The feral menace and asylum seekers. No, really.

The story of the Stephens Island Wren is one of the more predictable parables in the annals of extinction. The wren was a tiny flightless songbird that lived on an island measuring just 150 hectares in New Zealand’s Marlborough Sounds, and it was doomed from the moment it was proposed that a lighthouse be erected there in the late 19th century.

The lighthouse was operational by early 1894. The wren was discovered a few months later, in the jaws of the lighthouse keeper’s cat Tibbles; the species was lost forever by the winter of 1895. As the Christchurch newspaper The Press editorialised at the time, “This is probably a record performance in the way of extermination.”

For years, poor Tibbles was held responsible for nibbling his way through the island’s entire population of wrens. In fact, the island was heaving with feral cats after the accidental escape of a pregnant female in early 1894. It took another three years for them to also kill off the Stephens Island Piopio, a type of thrush.

I’m not sure which scientific or historical literature Adrian Franklin reviewed in his defence of the feral cat – he doesn’t say. Franklin claims detestation of introduced animals is linked to our national paranoia about, wait for it, asylum seekers. This seems rather a long bow to draw, but let’s come back to it later.

Franklin claims these (unnamed) scientists agree that there is no evidence linking feral cats to wild extinctions “apart from a few very exceptional island sites” – a rather cavalier dismissal of the fate of the Stephens Island Wren, but then again, it’s only a Kiwi, and I don’t mean that other flightless bird.

So why, Franklin asks, have cats not been reclassified as harmless animals? Why isn’t the innocent moggy naturalised, as in Britain? (I confess I nearly scratched my own eyes out at this point.)

Firstly, cats don’t act in isolation in the threat they pose to our native fauna. Habitat clearance, disease, grazing, changes to fire regimes, pollutants and, of course, other feral animals all play their parts. I look forward to Franklin’s defence of the fox, Cane Toad, carp, rabbit and non-native rats and roaches.

In Europe, cats, foxes and rabbits have all been part of the natural environment for millennia. That’s not the case in the Antipodes, where there are few land-based top-order predators. Introduced ones have filled the breach. In New Zealand especially, native animals have been annihilated by cats, rats, stoats and possums.

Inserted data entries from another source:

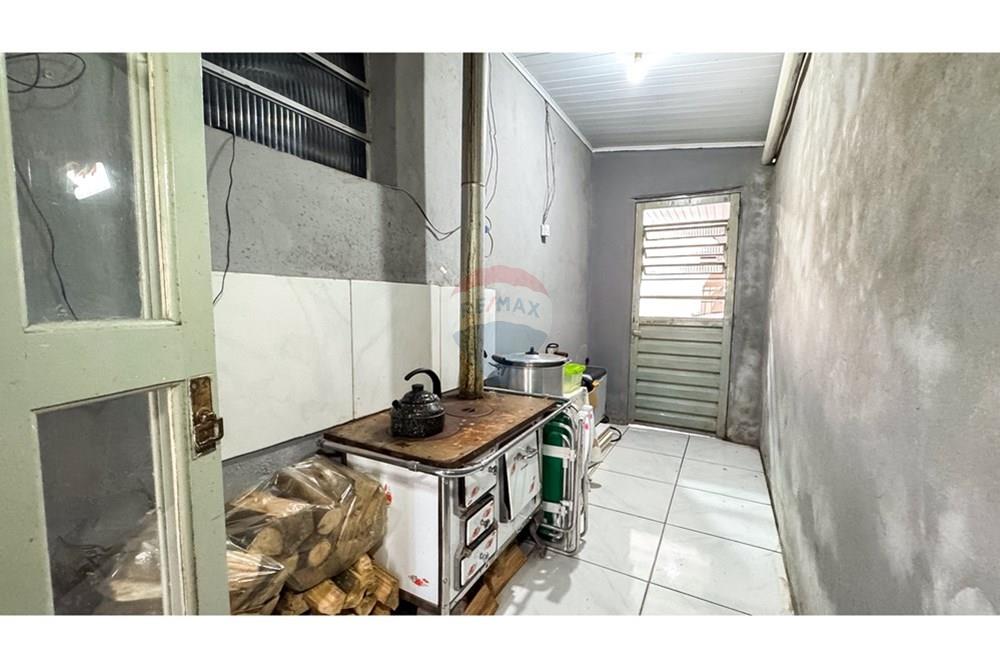 Casa - Venda - Guaíba , Rio Grande do Sul - IMG_7845.jpg - 612781004-68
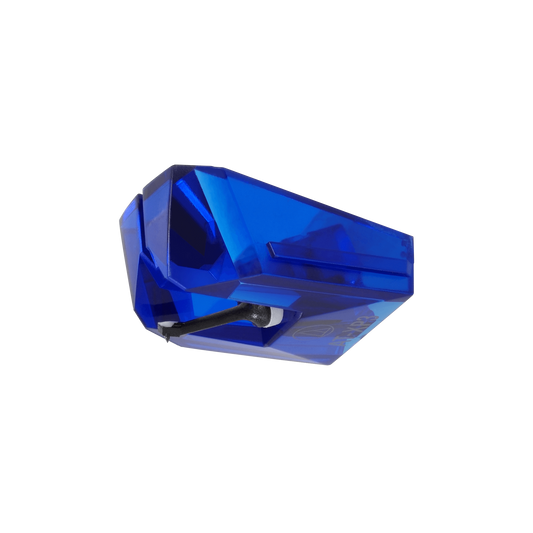 Audio-Technica ATN-XP3 Replacement Stylus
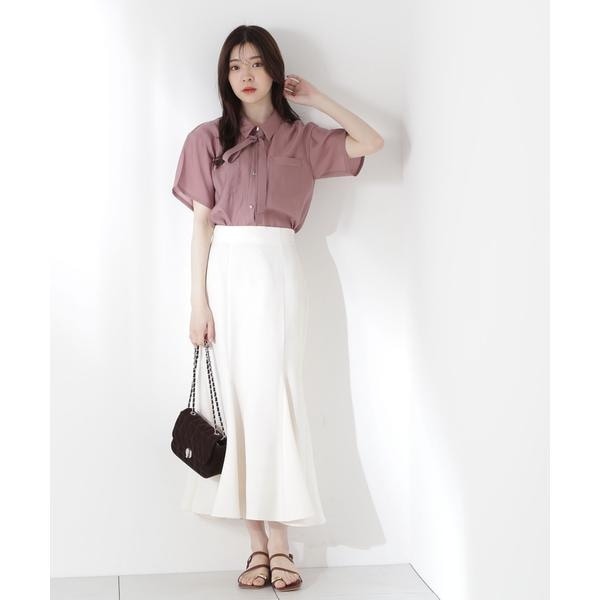プロポーション ボディドレッシング(PROPORTION BODY DRESSING プロポーション ボディドレッシング(PROPORTION BODY DRESSING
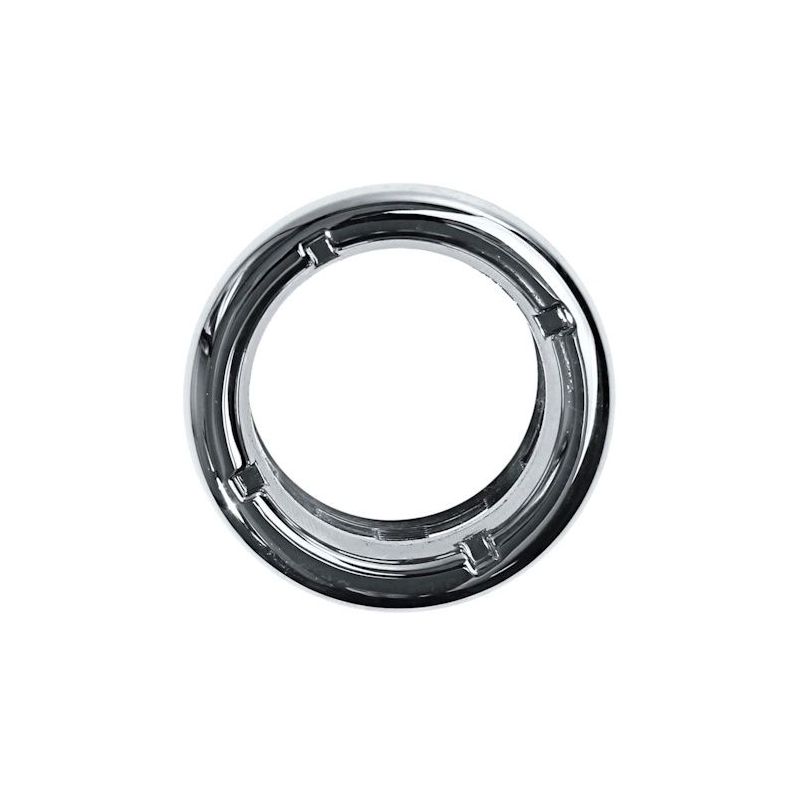 Rámeček spínací skříňky, chrom 69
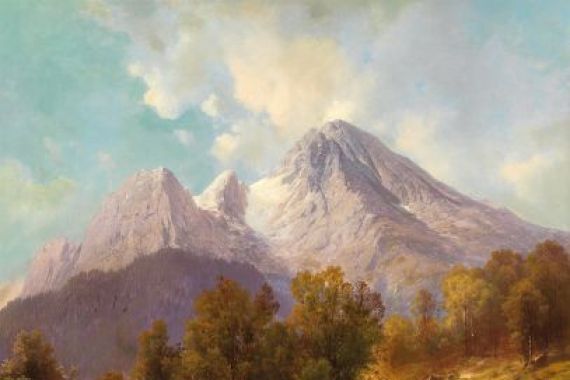 Karl Millner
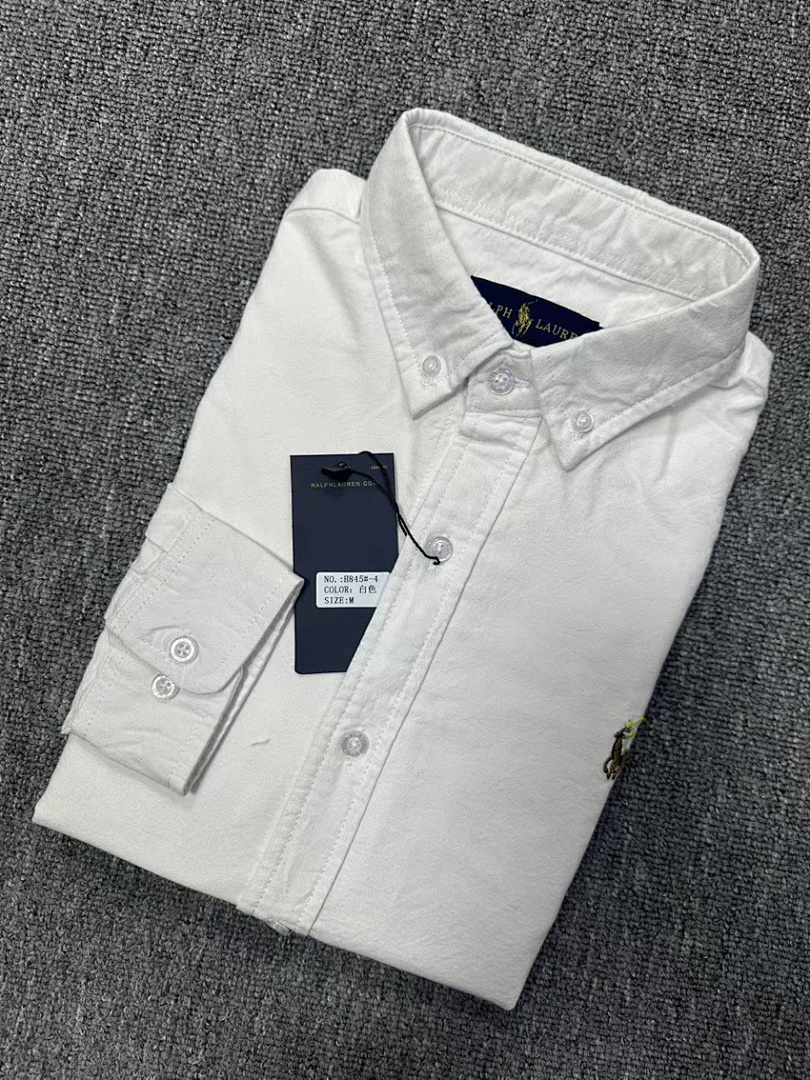 Other New Solid Color Embroidered P 139 Yuan - Image 13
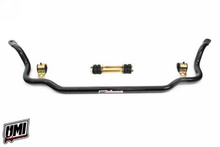 Load image into Gallery viewer, UMI Performance 64-77 A-Body 70-81 F-Body GM Front Sway Bar 1-5/16in Solid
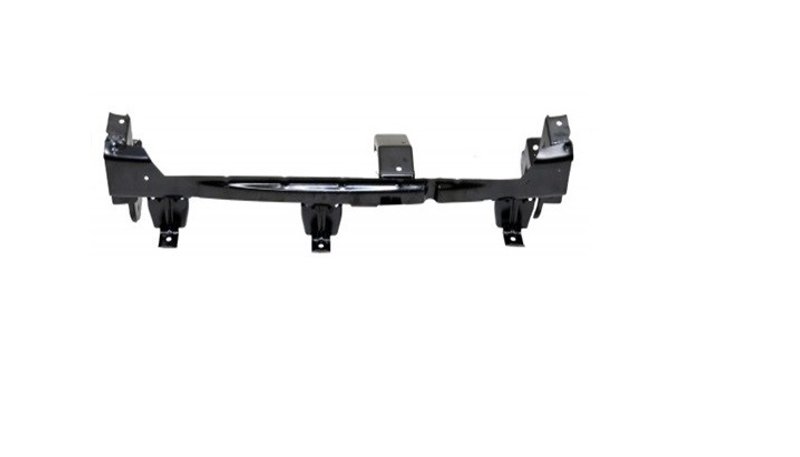 TechPro NI1031114 Bumper Cover Retainer - Front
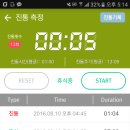 다나산부인과 이미지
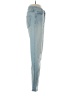 Mother Blue Jeans Size 27 waist - photo 4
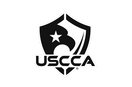 The Gozenta Multi Tool featured in USCCA's Gear We Love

The feral problem is so bad in the Land of the Long White Cloud that many native birds – Kokakos, Kakapos, Saddlebacks and others – are now largely confined to or have themselves been introduced (at considerable public expense) to islands where foreign predators and competitors aren’t waiting to devour them.

The picture is no prettier in Australia, where we hold the world record for mammalian extinctions: 22 have been extirpated since European settlement, with over 100 more considered endangered. Cats and foxes have played a determining role in most of these. The proof can be found in Tasmania, which mostly retains its mammalian diversity (aside from the elimination of its biggest top-order predator, the Thylacine).

Until their recent accidental or malicious introduction, foxes have not existed in the island state, and Tasmanian Devils – the largest surviving marsupial predator – have probably kept a lid on feral cat numbers. The Tasmanian government has spent a fortune trying to suppress the foxes; it will need to, especially given the crash of the devil population due to facial tumour disease.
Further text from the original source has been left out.